Bar Bar- Grimy downtown bar, an act of defiance to every skyscraper in view. Opens at 7 am, we used to play improv multi-band sets at the end of the room, and I would go to metal shows there. The dive’s dive.
Cruise Room- Fly art deco vibe, cool lighting, tasty cocktails. Dress up.
Karma Asian- Best happy hour in Denver 3-6 everyday. Cool vibes, great staff. Prepare to take a cab.
Blue Pan- Best pizza in the world. That’s what their Italian pizza awards say anyway.
Bennys- Good standard Mexican food, great margaritas, you already know the menu.
Pho 95- Best in the city.
Cheeseman Park- Best park for a cruise and chill day, Good for ghost spotting and bush parties.
Broadway/ South Broadway- Broadway is great for buying vintage threads and grabbing cheap happy hour. Go a little further south and you will hit Antiques Row which is great for window shopping and hidden gems.
Santa Fe Arts District- Great vibe and lined with beautiful Art Galleries including my favourite, ReCreative. Swing by next door and get a tattoo at Kitchens Ink.
And of course Red Rocks is always worth a visit, even in the daytime.

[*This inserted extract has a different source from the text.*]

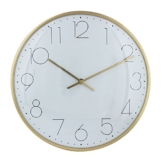 WM. Widdop Metall Wanduhr arabisches Zifferblatt Gold Finish 25 cm Moderne Sleek Weiß Zifferblatt Wanduhr - 1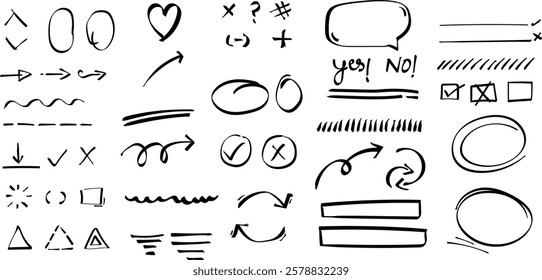 Marker mark set,Ink marker underline Design set,Highlighter scribbles collection,Hand made set,marks and arrow design set,wonky lines.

The Shoutout series is all about recognizing that our success and where we are in life is at least somewhat thanks to the efforts, support, mentorship, love and encouragement of others. So is there someone that you want to dedicate your shoutout to?
I would like to thank Tj Wethington from THE WICK for always giving me the space and opportunity to create and develop my ideas. We have built several great musical rehearsal spaces in Denver over the years, and they have been instrumental in my professional development. I would also like to thank Matthew Shaw from HeadRoom Sessions for being a musical comrade for many years, and the visual artist Cody Kuehl for being an inspirational artist, reliable bandmate and friend. I would also like to thanks Stephen Tucker from the Control Room and Livestream Remote for his time and energy put into our recordings and live show production.